If science weren't around to tell you what it is, would an eclipse scare you?
Ancient people could not predict eclipses and didn't know when one would end or even that it would end. Rituals to persuade the Sun or Moon to return to its normal state were developed. And they worked! The heavens always return to normal after an eclipse.
A solar eclipse, not to scale.
A total solar eclipse occurs when the Moon’s shadow completely blocks the Sun (Figure below). When only a portion of the Sun is out of view, it is called a partial solar eclipse.
A solar eclipse shown as a series of photos.
A BBC video of a solar eclipse is seen here: http://www.youtube.com/watch?v=eOvWioz4PoQ.
The Moon’s shadow in a solar eclipse covers a very small area.
As the Sun is covered by the moon’s shadow, it will actually get cooler outside. Birds may begin to sing, and stars will become visible in the sky. During a solar eclipse, the corona and solar prominences can be seen.
A solar eclipse occurs when the Moon passes between Earth and the Sun in such a way that the Sun is either partially or totally hidden from view. Some people, including some scientists, chase eclipses all over the world to learn or just observe this amazing phenomenon.
A lunar eclipse occurs when the full moon moves through Earth’s shadow, which only happens when Earth is between the Moon and the Sun and all three are lined up in the same plane, called the ecliptic (Figure below). In an eclipse, Earth’s shadow has two distinct parts: the umbra and the penumbra. The umbra is the inner, cone-shaped part of the shadow, in which all of the light has been blocked. The penumbra is the outer part of Earth’s shadow where only part of the light is blocked. In the penumbra, the light is dimmed but not totally absent.
A lunar eclipse.
A total lunar eclipse occurs when the Moon travels completely in Earth’s umbra. During a partial lunar eclipse, only a portion of the Moon enters Earth’s umbra. Earth’s shadow is large enough that a lunar eclipse lasts for hours and can be seen by any part of Earth with a view of the Moon at the time of the eclipse (Figure below).

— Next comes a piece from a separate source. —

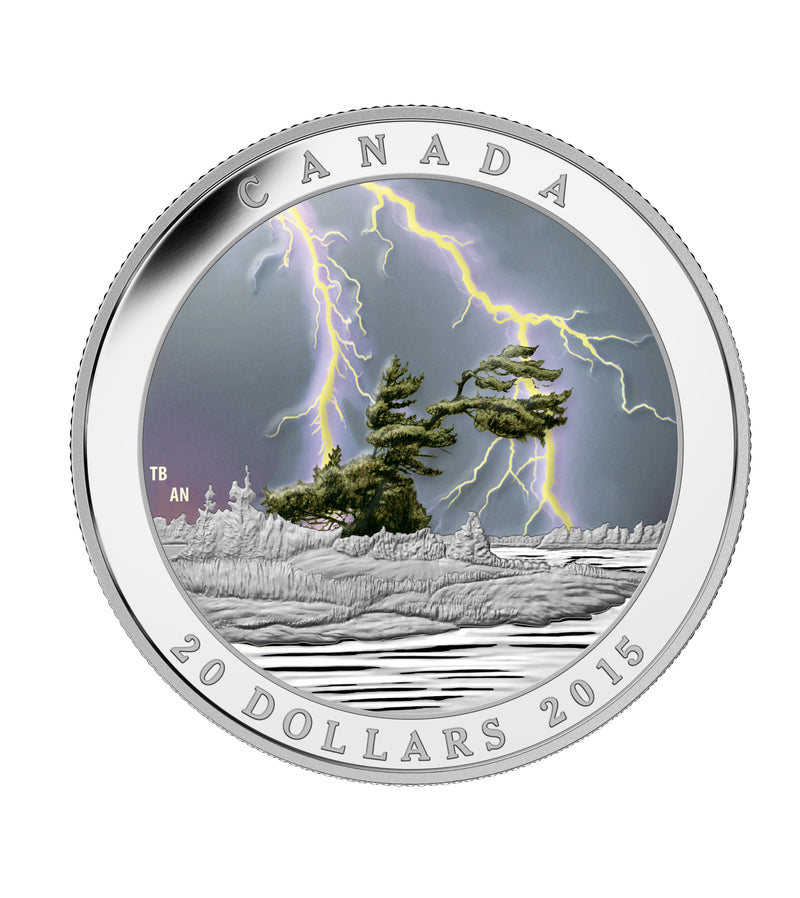 2015-2017 $20 Weather Phenomenon - Pure Silver 4-Coin Subscription with Display Case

A lunar eclipse does not occur every month because Moon's orbit is inclined 5-degrees to Earth's orbit, so the two bodies are not in the same plane every month.

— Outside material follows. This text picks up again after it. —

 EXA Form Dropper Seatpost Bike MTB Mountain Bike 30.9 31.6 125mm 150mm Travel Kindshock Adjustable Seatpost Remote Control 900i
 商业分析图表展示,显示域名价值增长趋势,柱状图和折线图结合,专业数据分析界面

Partial lunar eclipses occur at least twice a year, but total lunar eclipses are less common.
The moon glows with a dull red coloring during a total lunar eclipse, which you can see in this video of a lunar eclipse over Hawaii: http://www.youtube.com/watch?v=2dk--lPAi04
- solar eclipse: Occurs when the new Moon passes directly between the Earth and the Sun.
- lunar eclipse: Occurs when the full moon moves through Earth’s shadow; only happens when Earth is between the Moon and the Sun and all three are lined up in the same plane, called the ecliptic.
- umbra: The inner, cone-shaped part of the shadow during an eclipse, in which all of the light has been blocked.
- penumbra: The outer part of the shadow cast during an eclipse where only part of the light is blocked.
- During a solar eclipse, the new Moon passes between Earth and Sun.
- During a lunar eclipse, the full Moon moves through Earth's shadow.
- The umbra is the part of the shadow in which light is completely blocked and the penumbra is the part of the shadow that is partially lit.
Use these resources to answer the questions that follow.
1. Why do the moon and sun seem to be the same size from Earth?
2. What causes a solar eclipse?
3. What is first contact?
4. What can be seen at totality?
5. How often do solar eclipses occur?
6. What are the phases of the moon?
7. How often do lunar eclipses occur?
8. Describe a lunar eclipse.
9. What is the penumbra?
10. What is the umbra?
11. How long does a lunar eclipse last?
1. What happens during a solar eclipse?
2. What happens during a lunar eclipse?
3. Why do we not see lunar eclipses every month?